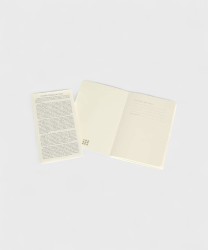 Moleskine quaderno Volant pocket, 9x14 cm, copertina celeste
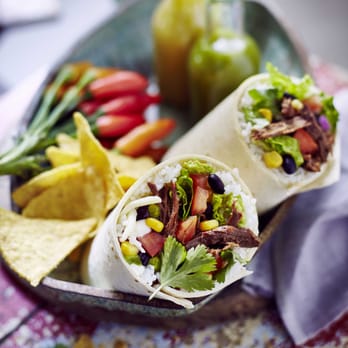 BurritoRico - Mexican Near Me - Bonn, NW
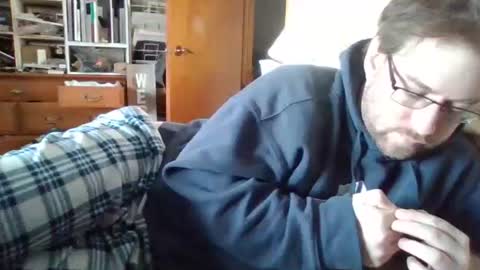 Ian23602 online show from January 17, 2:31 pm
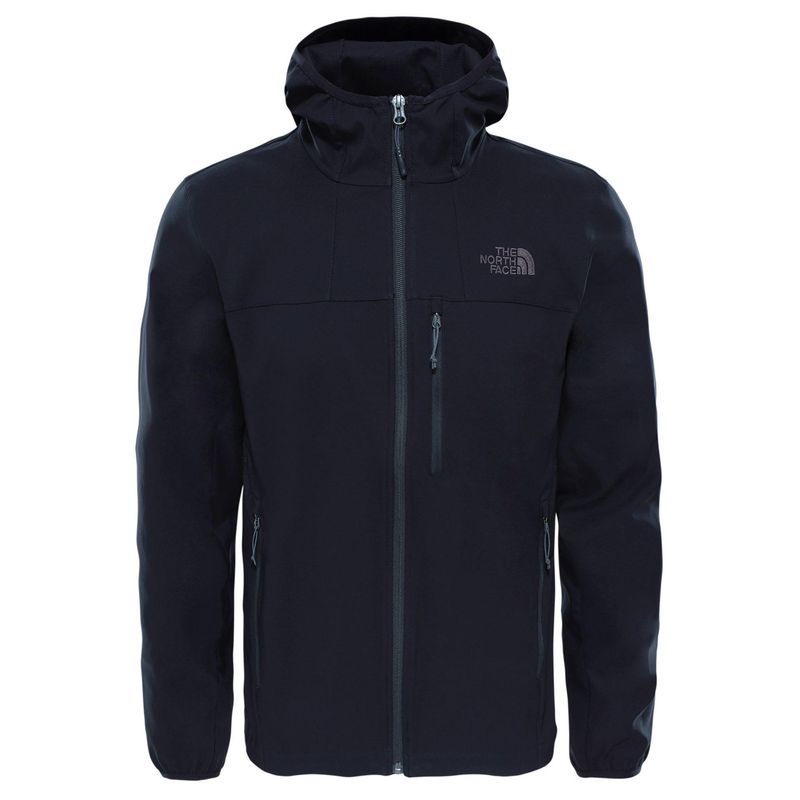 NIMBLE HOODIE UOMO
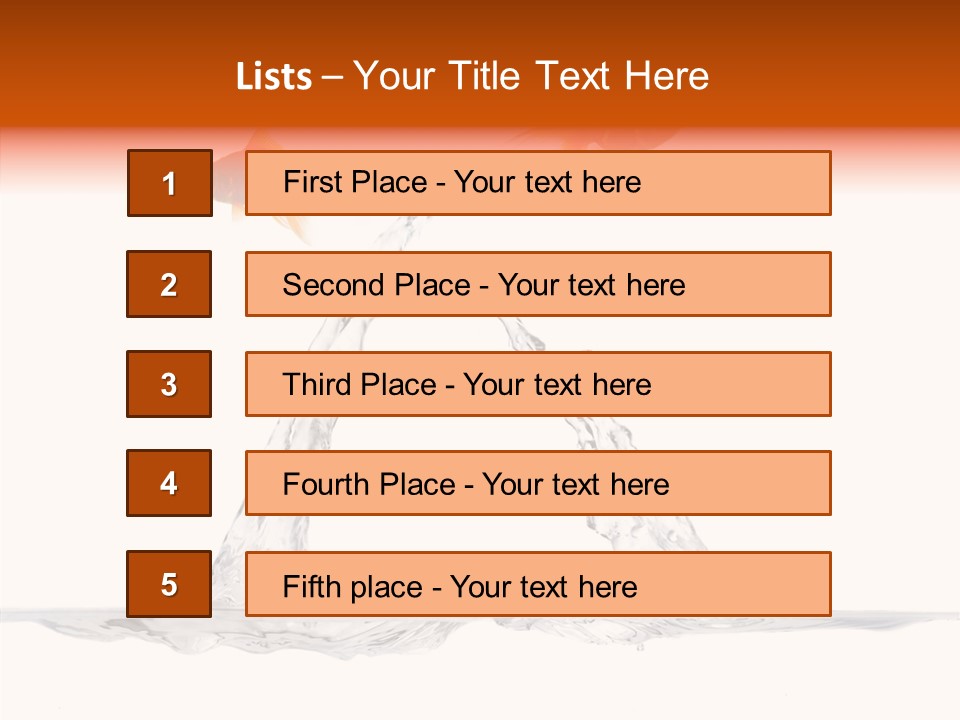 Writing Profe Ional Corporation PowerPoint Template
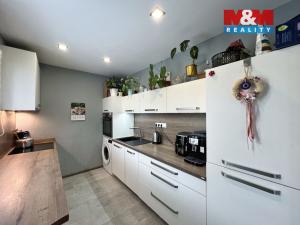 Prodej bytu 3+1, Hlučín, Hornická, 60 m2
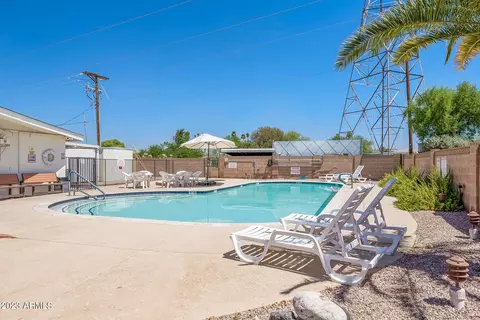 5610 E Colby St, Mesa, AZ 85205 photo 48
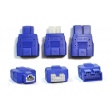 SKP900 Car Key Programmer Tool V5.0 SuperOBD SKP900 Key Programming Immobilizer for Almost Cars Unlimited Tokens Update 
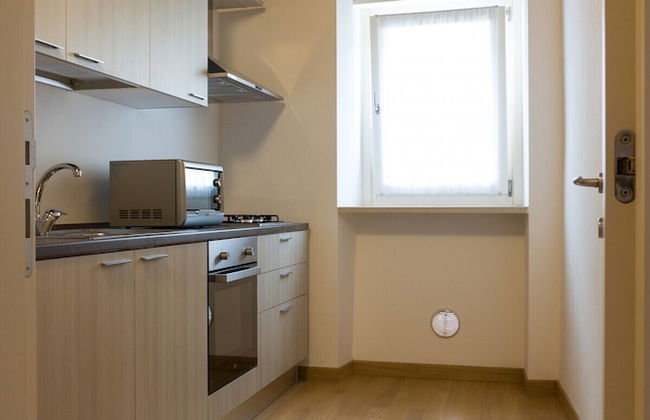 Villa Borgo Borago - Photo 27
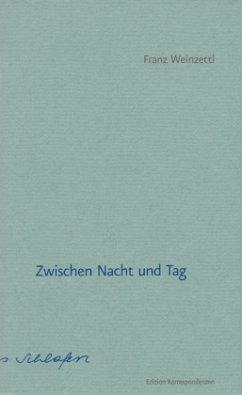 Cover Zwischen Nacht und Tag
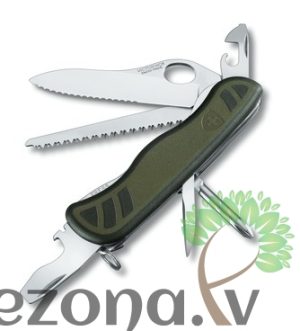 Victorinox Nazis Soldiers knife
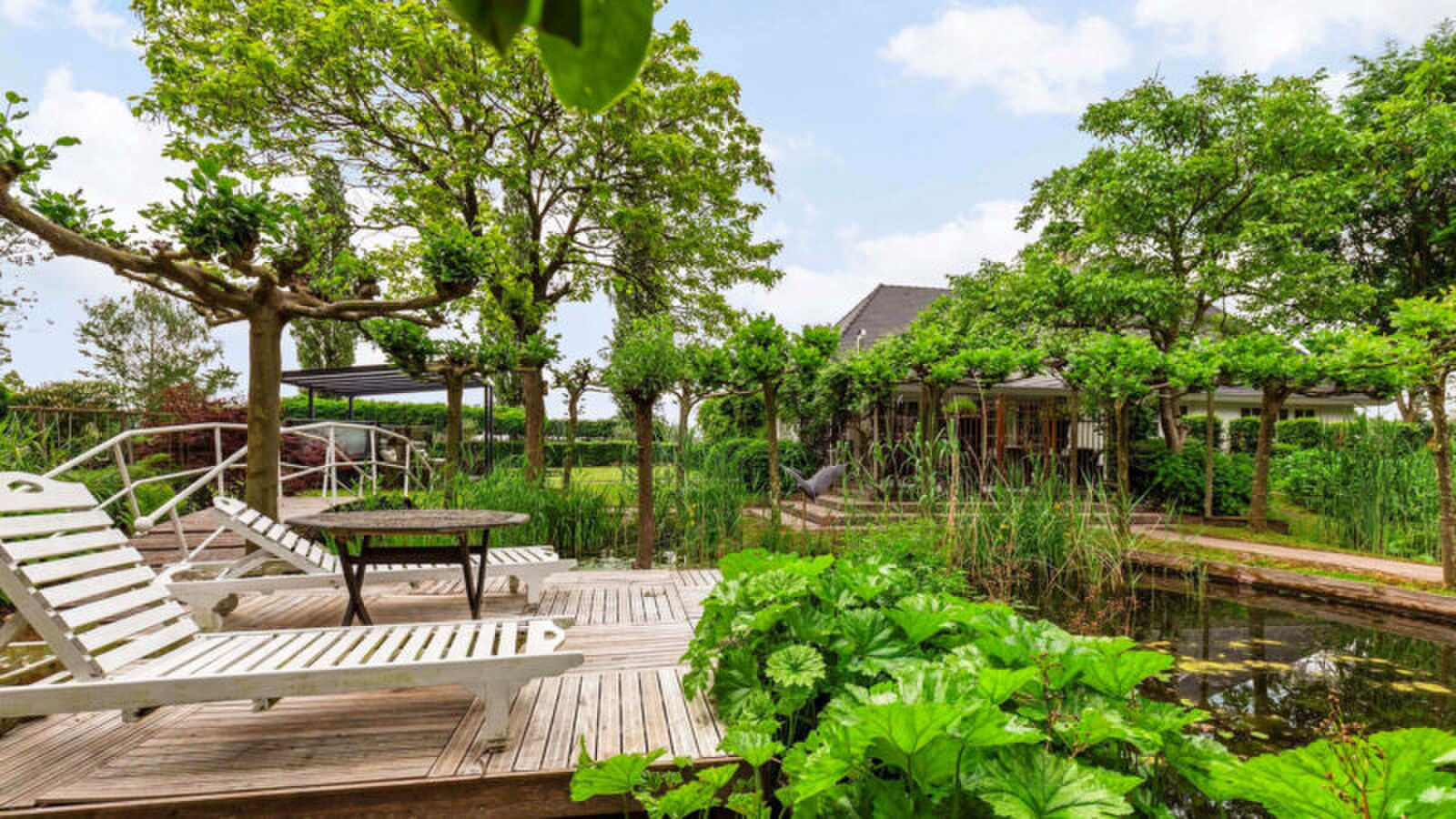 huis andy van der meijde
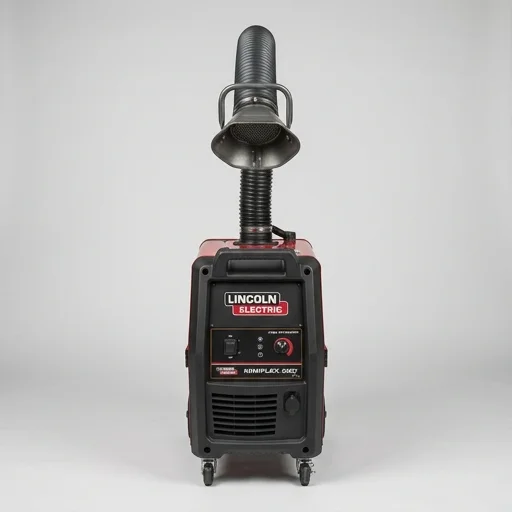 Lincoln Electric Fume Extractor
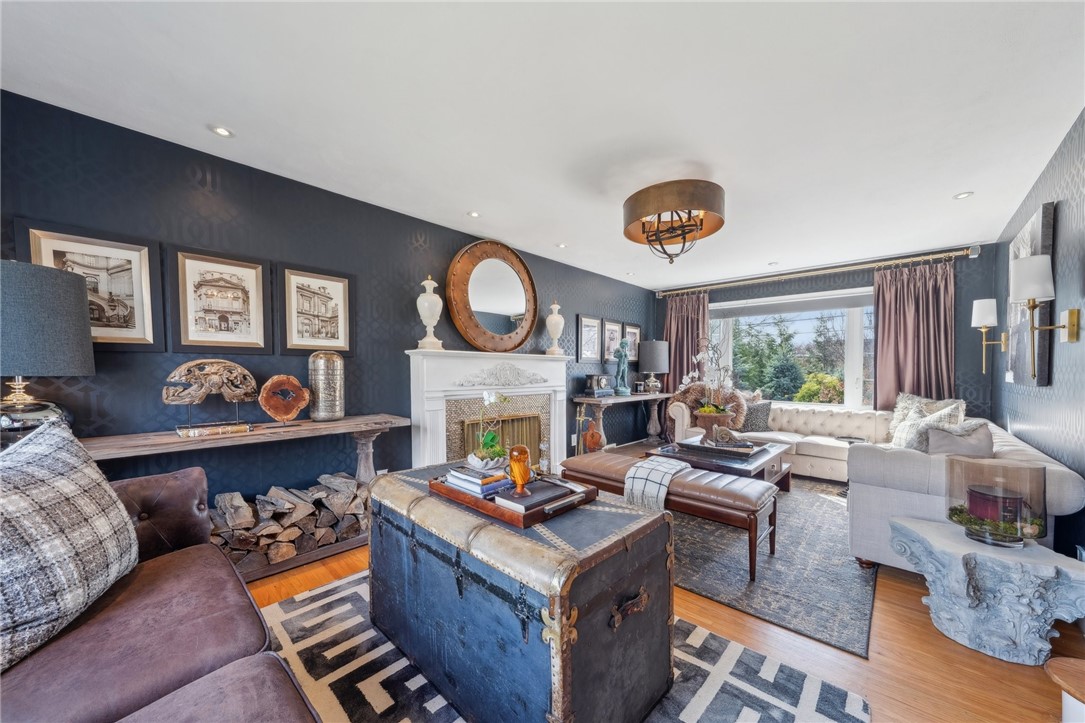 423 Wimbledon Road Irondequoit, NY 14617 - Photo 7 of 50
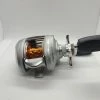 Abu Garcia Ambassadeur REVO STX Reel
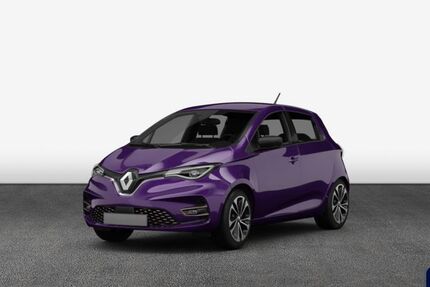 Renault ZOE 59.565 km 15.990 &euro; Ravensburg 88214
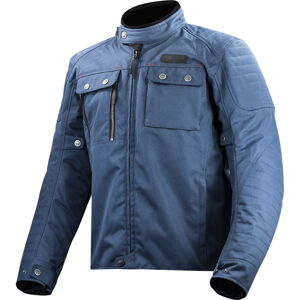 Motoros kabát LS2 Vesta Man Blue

◆ Problem details ◆
Word for word, write out the full listing, leaving the pictures aside.

◆ Written solution ◆
 Moleskine quaderno Volant pocket, 9x14 cm, copertina celeste
 BurritoRico - Mexican Near Me - Bonn, NW
 Ian23602 online show from January 17, 2:31 pm
 NIMBLE HOODIE UOMO
 Writing Profe Ional Corporation PowerPoint Template
 Prodej bytu 3+1, Hlučín, Hornická, 60 m2
 5610 E Colby St, Mesa, AZ 85205 photo 48
 SKP900 Car Key Programmer Tool V5.0 SuperOBD SKP900 Key Programming Immobilizer for Almost Cars Unlimited Tokens Update 
 Villa Borgo Borago - Photo 27
 Cover Zwischen Nacht und Tag
 Victorinox Nazis Soldiers knife
 huis andy van der meijde
 Lincoln Electric Fume Extractor
 423 Wimbledon Road Irondequoit, NY 14617 - Photo 7 of 50
 Abu Garcia Ambassadeur REVO STX Reel
 Renault ZOE 59.565 km 15.990 &euro; Ravensburg 88214
 Motoros kabát LS2 Vesta Man Blue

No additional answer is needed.